Only one week before CU artist Emily Schroeder’s MFA thesis exhibit was to open in the CU Art Museum, disaster struck.
As she was moving the centerpiece of her collection, a multimedia sculpture called Quelle (Fountain) that consists of over two thousand hanging porcelain beads, the wires holding the beads became hopelessly tangled, effectively ruining the piece.
“It was devastating to have worked on this for weeks and then have it ruined in like 20 minutes of moving it. It was horrible,” Schroeder said.
She was forced to restring all 2,000 beads, a daunting task for which 31 of her friends and colleagues in the art department came together to help with.
“Art usually ends up being such an individual thing.
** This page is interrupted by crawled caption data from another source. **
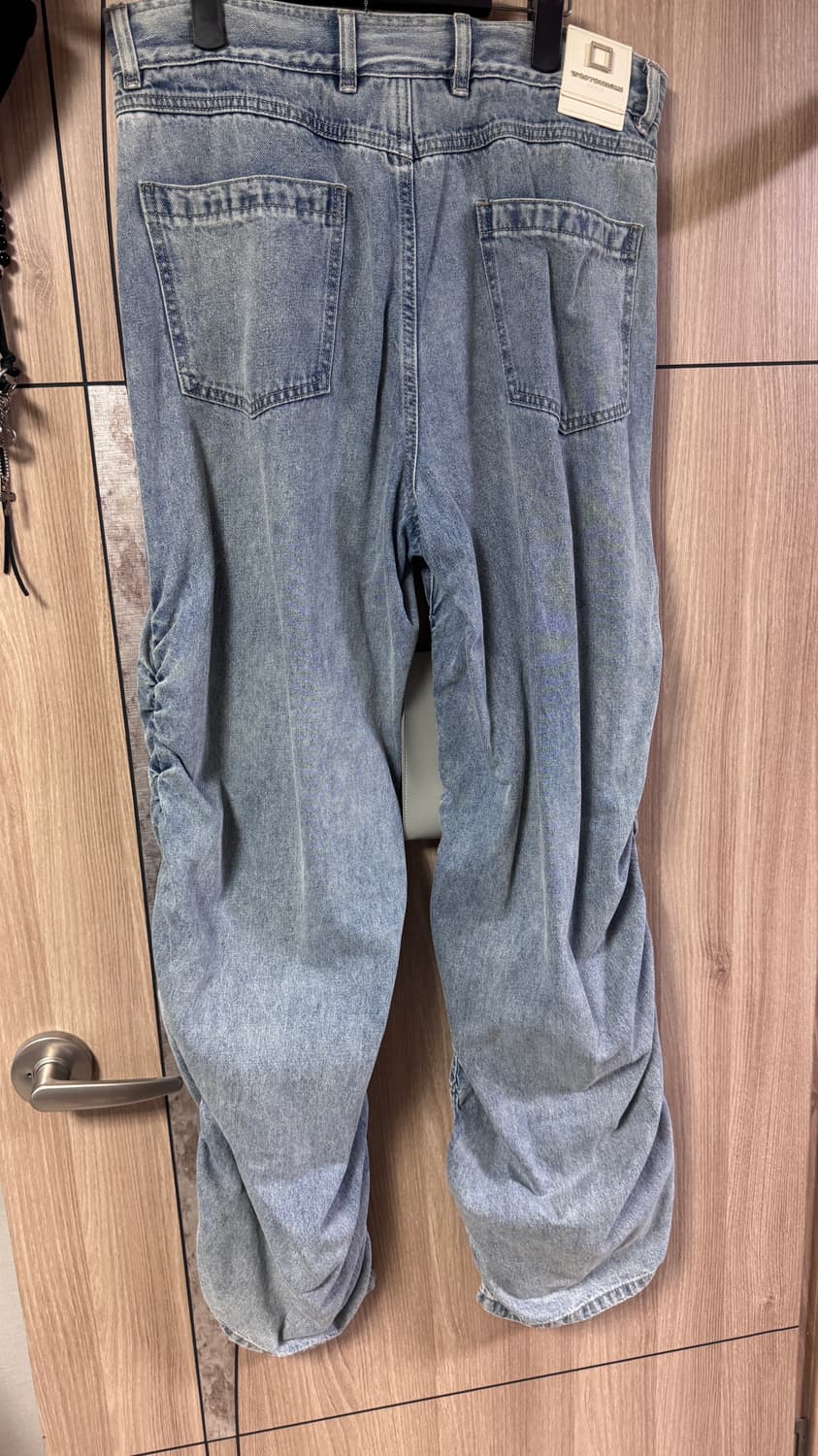 우영미/24fw 와이드 데님 연청 셔링팬츠/48 상품이미지3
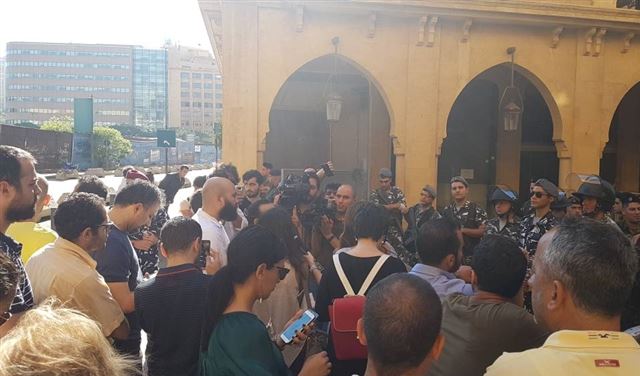 تحرك رمزي للحراك المدني في ساحة النجمة رفضا للتمديد تحرك رمزي للحراك المدني في ساحة النجمة رفضا للتمديد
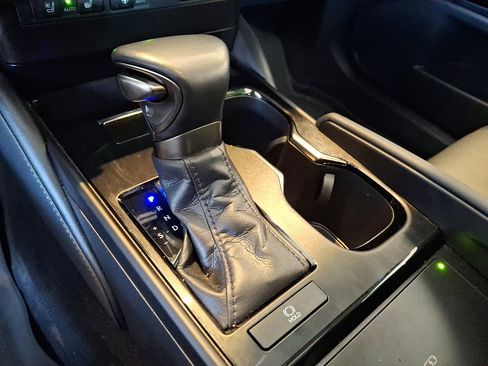 Used 2023 Lexus ES 350 w/ Premium Package image 16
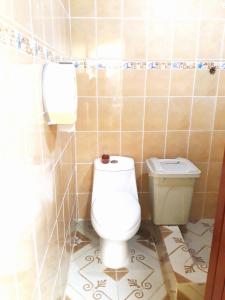 A bathroom at Hotel Ideal, Your House in Quetzaltenango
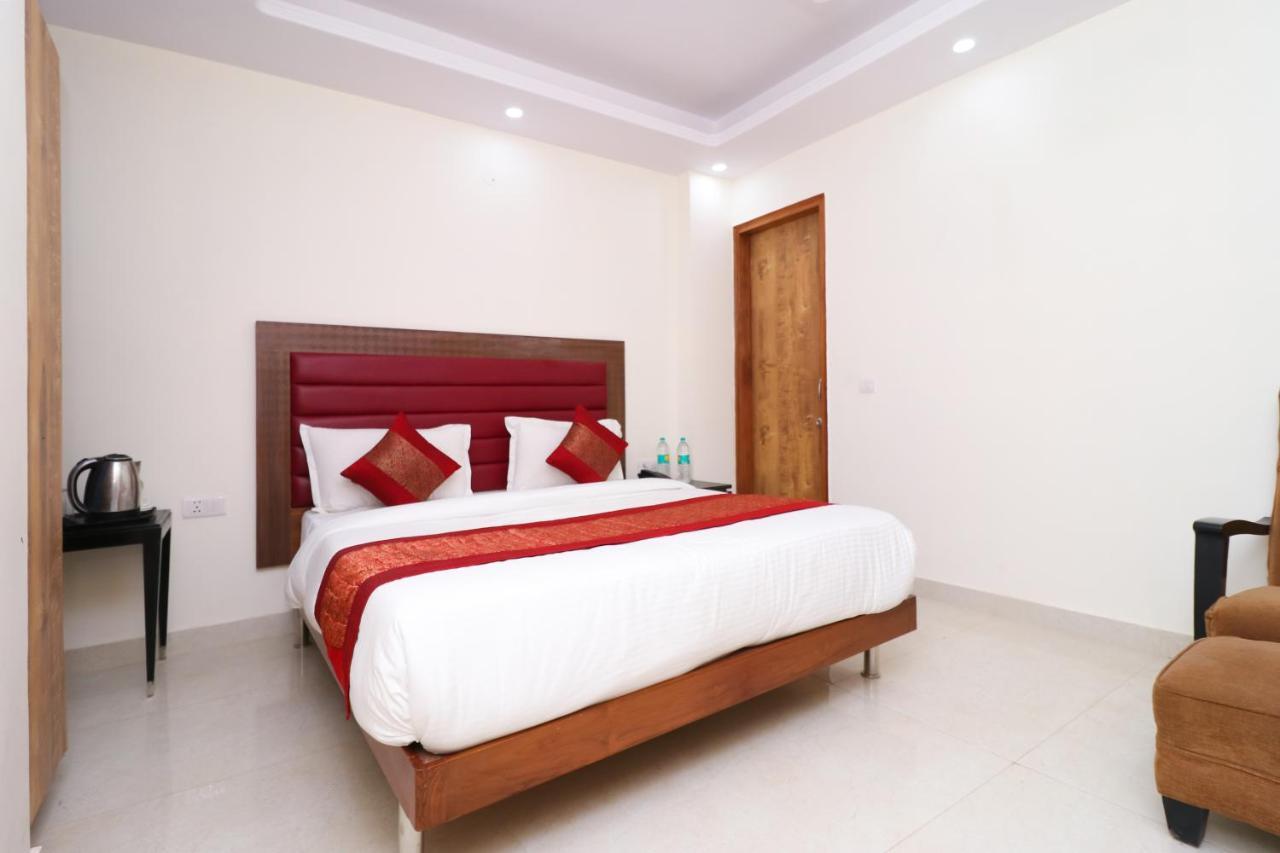 Hotel Belwood Suites - Near New Delhi Airport Exterior photo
To have such a huge group of people come together and pitch in because they saw how important it was to me was really overwhelming, in a good way. If it hadn’t been for them there’s no way I would have finished,” she said.
They succeeded in reassembling the piece in time for the show’s opening, and Schroeder says it looks better now than it did before.
However, Quelle (Fountain) is only one part of Schroeder’s current exhibit. She is also displaying a series of ink drawings, called Fountain Studies, which depict sprays of water in various symmetrical patterns.
“When you get caught up in the movement of water spray it creates a conscious unconsciousness,” Schroeder said.
Each of the pieces in the Fountain Studies series is named after a body of water that has personal significance to Schroeder. The drawings do not directly portray that body of water, but rather channel the emotional quality that the memories of each place hold for Schroeder.
“This body of work is about the idea of losing yourself in remembrance of place. I was trying to create emotive qualities that remind me of those places,” she said.
For Schroeder, looking at the drawings recalls other times and places.
“When I look at them I remember my own personal stories. Memories of very specific events (are) associated with those places, both good and bad.”
Also included in the exhibit is a two-part piece entitled The Fog Has Lifted (The Sky Has Cleared). On one wall there sits a cluster of white and tan porcelain discs of varying sizes nailed into the wall at different heights to create the image of a cloud. On the opposing wall there is a similar arrangement of porcelain discs, only larger, darker and more ominous.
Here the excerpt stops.